Rather interesting that fellow journalists are not outrages and there is not full reporting on these murders. Jim Acosta? April Ryan? CNN? (snarky)
Mikhail Khodorkovsky, a Russian exile and Putin foe has a news organization called Investigation Control Center. Three investigative journalists were dispatched to (CAR) Central African Republic to determine why a Putin connected militant group Wagner is operating there. Sadly, it did not end well.
On the 31st of July news broke about the murder of the Russian journalists Orkhan Djemal, Alexander Rastorguev and Kirril Radchenko. They were working in the Rental African Republic on a joint project with Mikhail Khodorkovsky’s Investigation Control Center. In particular, they intended to visit the grounds of Berengo estate, where, it is alleged, the base of the mercenaries of the private military organisation “Wenger” is situated.
The journalists arrived in Bangi, the capital of CAR, on Saturday. The next day they went to Berengo’s estate. However, they were denied access, requiring accreditation from CAR’s Ministry of Defense. Their details were noted down and they were promised that they would be given a pass after five days.
On Monday the group had to meet the fixer (a journalism consultant) from a UN delegation called Martin (he was the one who recommended the driver to the journalists). The journey ought to have taken about a day and a half because of roadblocks and poor-quality roads.
On Sunday evening the journalists were ambushed and shot in their vehicle at around 22:00 local time.
French media reported that the murders were motivated by theft – the journalists were carrying roughly 9,000 dollars and their equipment. Mikhail Khodorkovsky has promised to help find and identify the journalists’ killers.
Russian investigators said they have opened a criminal case to look into the deaths of the journalists. Russian Foreign Ministry spokeswoman Maria Zakharova said on August 1 that the stated purpose of their visit to the CAR was tourism, seeming to take them to task for allegedly misstating the intent of the trip.
That remark drew rare criticism of the ministry from a senior pro-Kremlin lawmaker. Leonid Slutsky, chairman of the Foreign Affairs Committee in the State Duma, the lower house of parliament, wrote on Telegram that issues such as the purpose of the trip were “not very important now.”
“What is important is that Russian citizens have been killed,” he wrote. “Here we should follow the example of our ‘strategic friends’ from across the ocean: the United States does not leave the death of any of its citizens without consequences.
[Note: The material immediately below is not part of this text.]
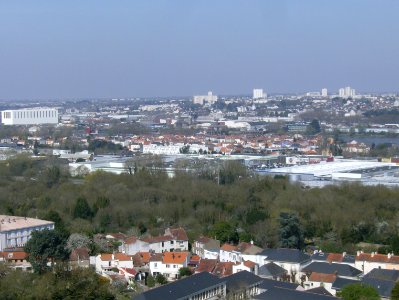 201004_0047 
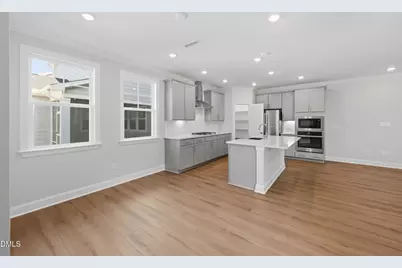 2988 Ocean Sunrise Drive, Wake Forest, NC 27587 - Photo 9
No matter what country they were in and what political views they adhered to.”
Henri Depele, the mayor of the town of Sibut, around 200 kilometers northeast of the capital, Bangui, said the journalists were killed late on July 30. Their driver survived the attack.
The investigative media outlet the journalists worked for is financed by Mikhail Khodorkovsky, a former oil tycoon who spent 10 years in prison following convictions in financial-crimes trials supporters contend were a Kremlin-orchestrated campaign to seize his company’s production assets and punish him for challenges to President Vladimir Putin.
He was pardoned by Putin, released, and flown out of Russia in 2010, and now lives in Europe, where he is one of Putin’s most vehement critics.
TsUR has published a number of investigations alleging corruption by senior members of Putin’s entourage.
Khodorkovsky called the three journalists who were killed “brave men who were not prepared simply to collect documentary material, but wanted to ‘feel’ it in the palms of their hands…. Rest in peace.”
Dzhemal, 51, was a respected Russian military correspondent who covered conflicts around the world. He was seriously injured in Libya in 2011 and published a book in 2008 giving a firsthand account of the five-day Russia-Georgia war.
Rastorguyev, 47, was a prominent documentary filmmaker and a contributor to RFE/RL. He was among the three directors of an award-winning 2013 film about leaders of the Russian opposition.
Radchenko, 33, started his career as a projectionist, but had become a cameraman in recent years. He served as an election observer in Chechnya in March.
The Central African Republic has been riddled by violence, often fought along religious lines between predominantly Christian and Muslim militias, since a 2013 rebellion overthrew then-President Francois Bozize.
Most of the country is beyond the control of the Bangui government, and a 12,000-strong UN peacekeeping mission has struggled to keep a lid on the violence.